Older adults exhibit higher levels of VEGF-A165B, which correlates with smaller blood vessels, suggesting a connection between macrophage senescence and vascular health in aging populations.

Experiments conducted on older mice demonstrated that senescent macrophages adversely affect the healing process after hindlimb injuries in younger mice, resulting in necrosis and fibrosis.

Cellular experiments confirmed that senescent macrophages impair endothelial cell proliferation and disrupt angiogenesis pathways.

The findings suggest that targeting macrophage senescence could provide a new approach for treating arterial blockages.

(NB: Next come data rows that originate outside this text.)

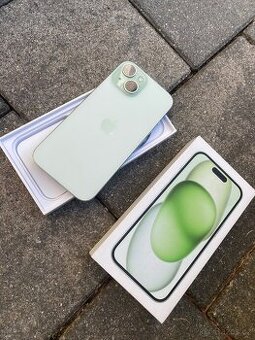 iPhone 15 128Gb v hezkém stavu, zelený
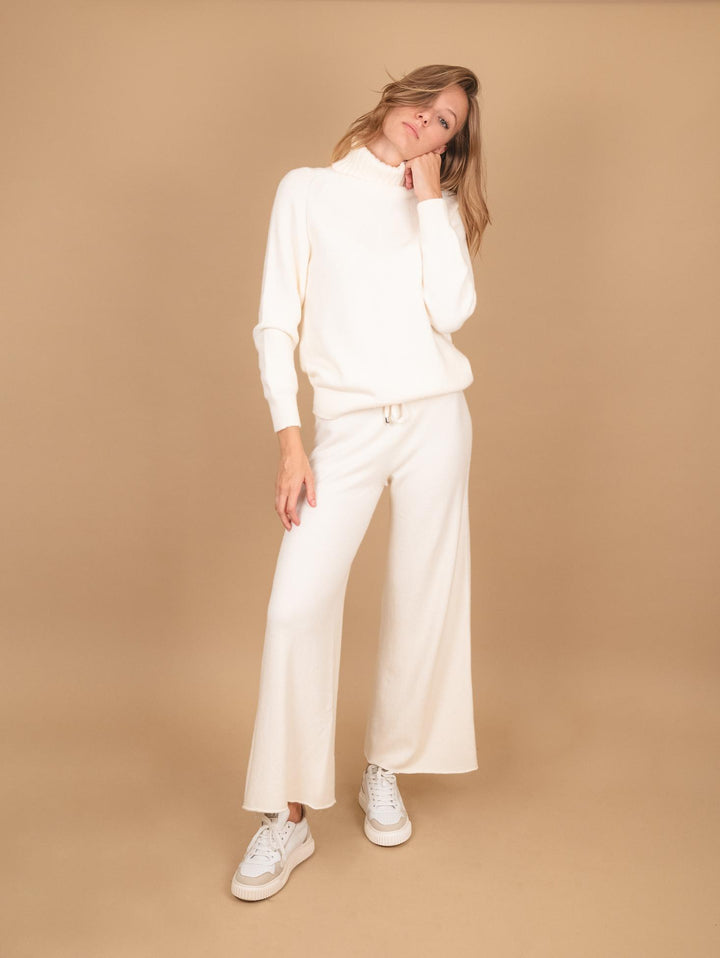 DOLCEVITA IN MAGLIA PANNA CON MAXI COLLO 0350/210 0248 BIMOR 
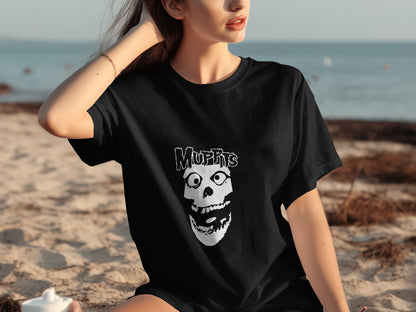 Iconic Misfits Skull Design Black T Shirt product type
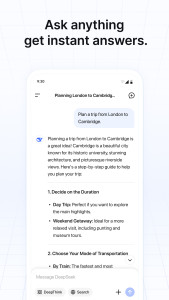 اسکرین شات 2 برنامه DeepSeek - AI Assistant
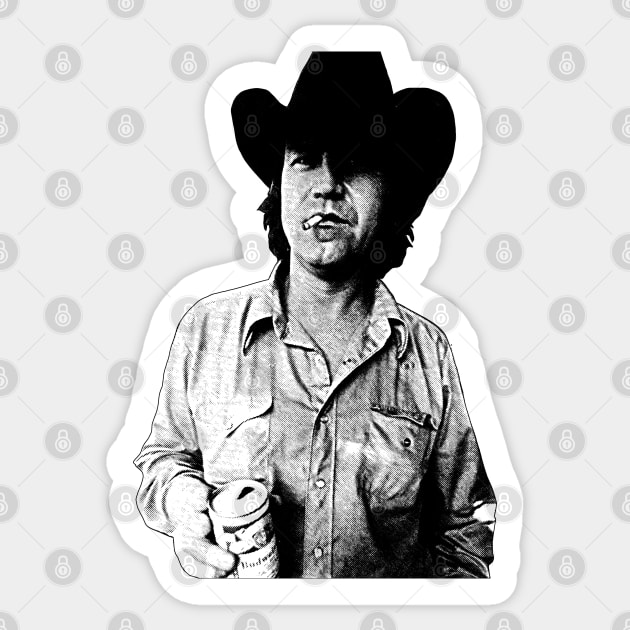 Retro Billy Joe Shaver Sticker by tykler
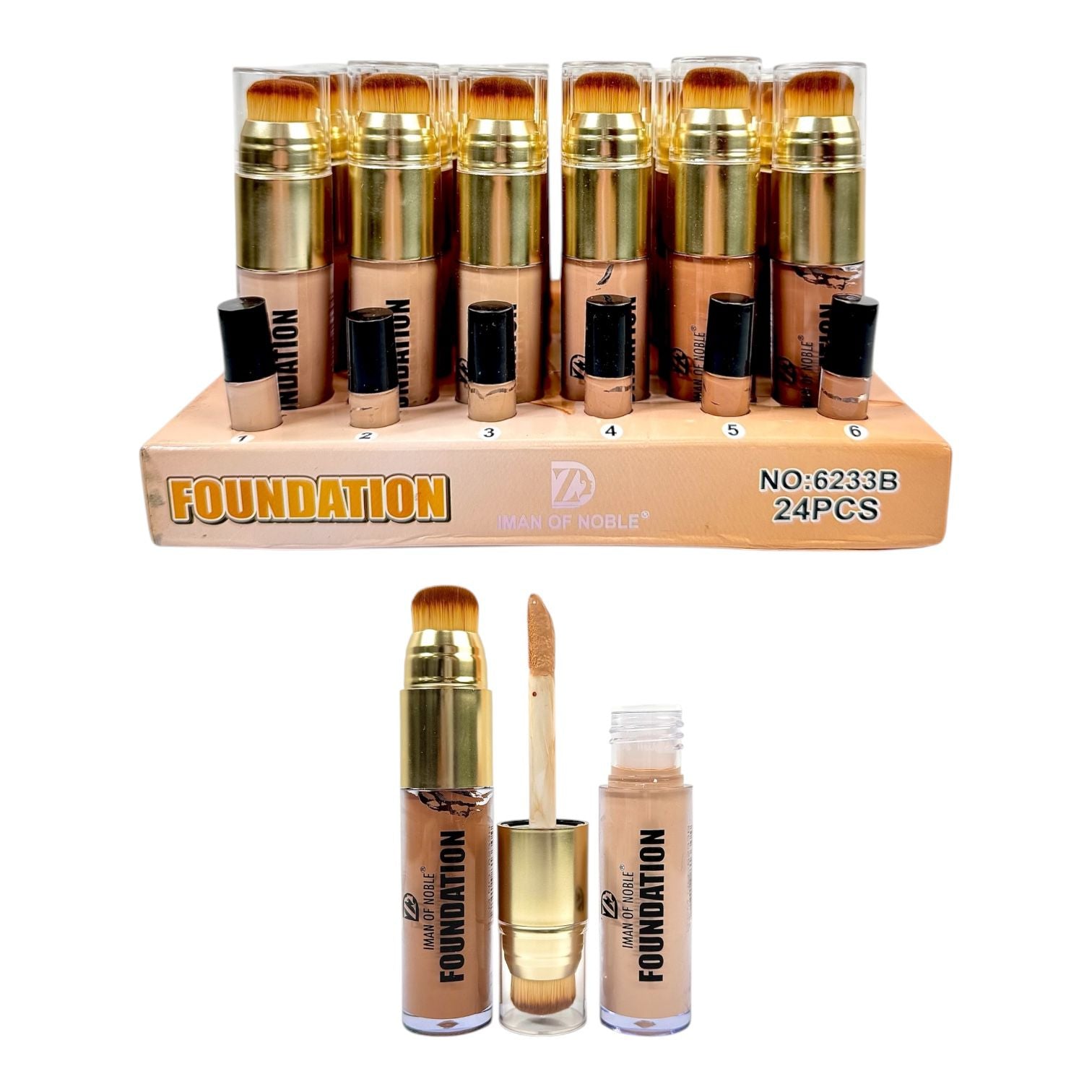 CORRECTOR LIQUIDO CON BROCHA FOUNDATION IMAN OF NOBLE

Research has linked the negative effects of senescent macrophages to an increased presence of the anti-angiogenic isoform VEGF-A165B, which is detrimental to endothelial cell function.

Peripheral arterial disease (PAD) affects approximately 113 million people worldwide, presenting significant treatment challenges, particularly for older patients.

Macrophages play a crucial role in angiogenesis, but their function can decline with age, leading to impaired blood vessel formation and various health issues.

In patients with PAD, there is a notable decrease in the angiogenic isoform VEGF-A165A and a corresponding increase in VEGF-A165B, produced by macrophages.

Genetic modification of macrophages to prevent the production of VEGF-A165B mitigated their negative impact on angiogenesis, indicating a potential treatment pathway.

The study acknowledges limitations, such as not stratifying results by sex and the need to consider other inflammatory factors, while proposing future research on macrophage-targeting senolytics or anti-VEGF-A165B therapies.